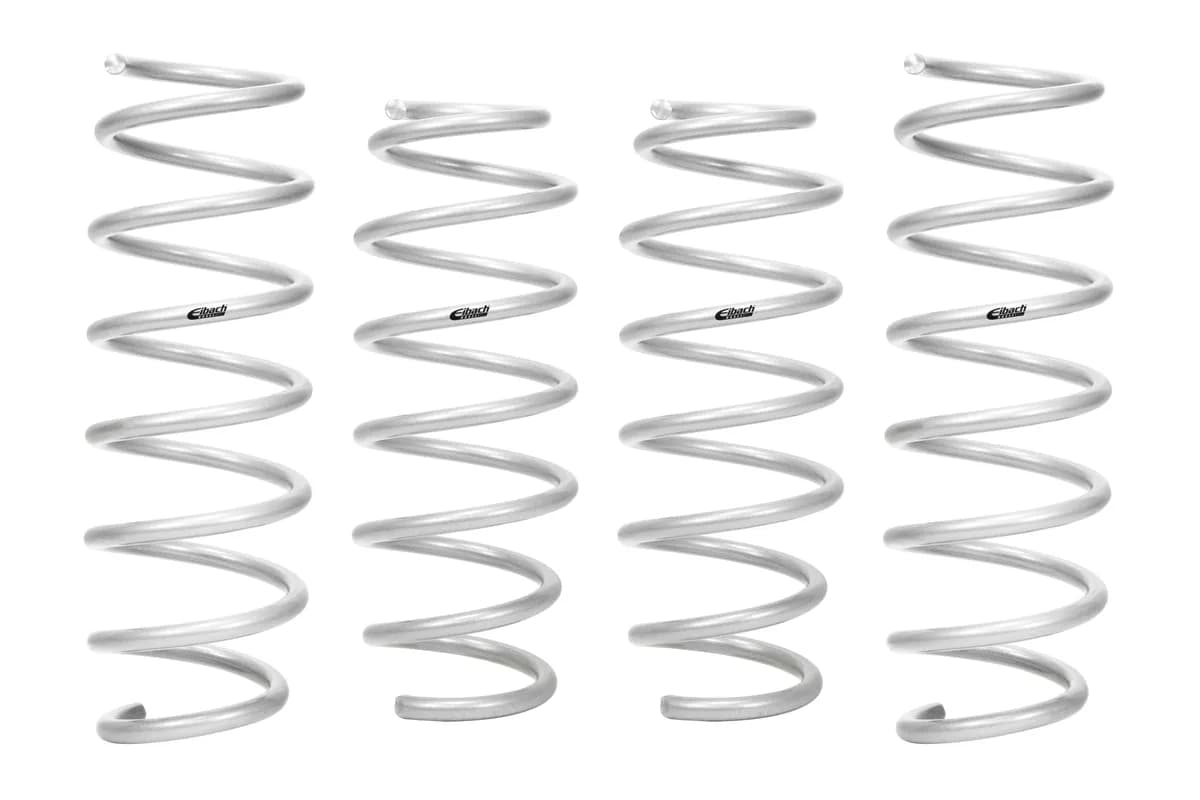 1523 Renegade Sport 4WD +1.7 In +1.1 In Prolift Springs Silver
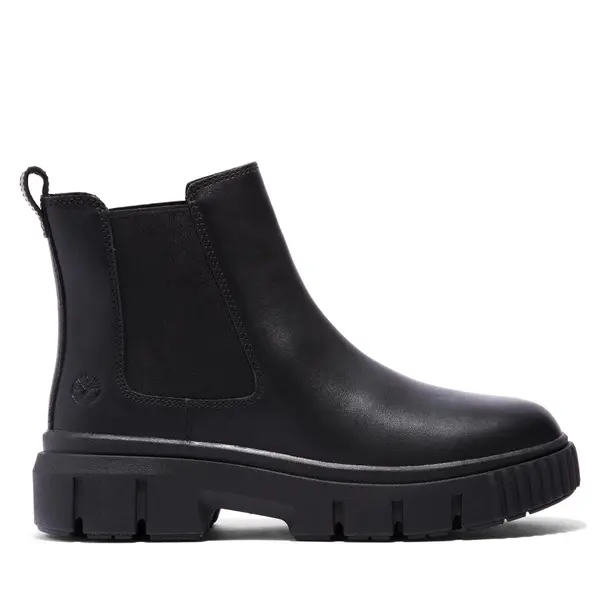 Timberland Chelsea cipele Timberland Greyfield Chelsea TB0A5ZCG0011 Crna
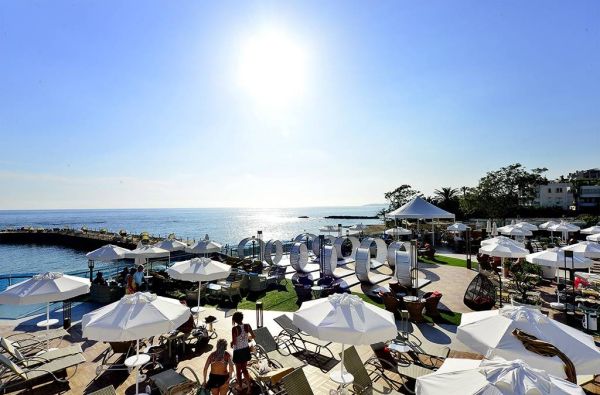 ALANIJA. Saulėtos atostogos. Skrydis, 7n. puikiame viešbutyje AZURA DELUXE RESORT & SPA 5* su Ultra viskas įskaičiuota maitinimu!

**YOUR TASK**.
Each line above should be written out again exactly, without any image.

**SOLUTION TO THE PROBLEM**.
 1523 Renegade Sport 4WD +1.7 In +1.1 In Prolift Springs Silver
 Timberland Chelsea cipele Timberland Greyfield Chelsea TB0A5ZCG0011 Crna
 ALANIJA. Saulėtos atostogos. Skrydis, 7n. puikiame viešbutyje AZURA DELUXE RESORT & SPA 5* su Ultra viskas įskaičiuota maitinimu!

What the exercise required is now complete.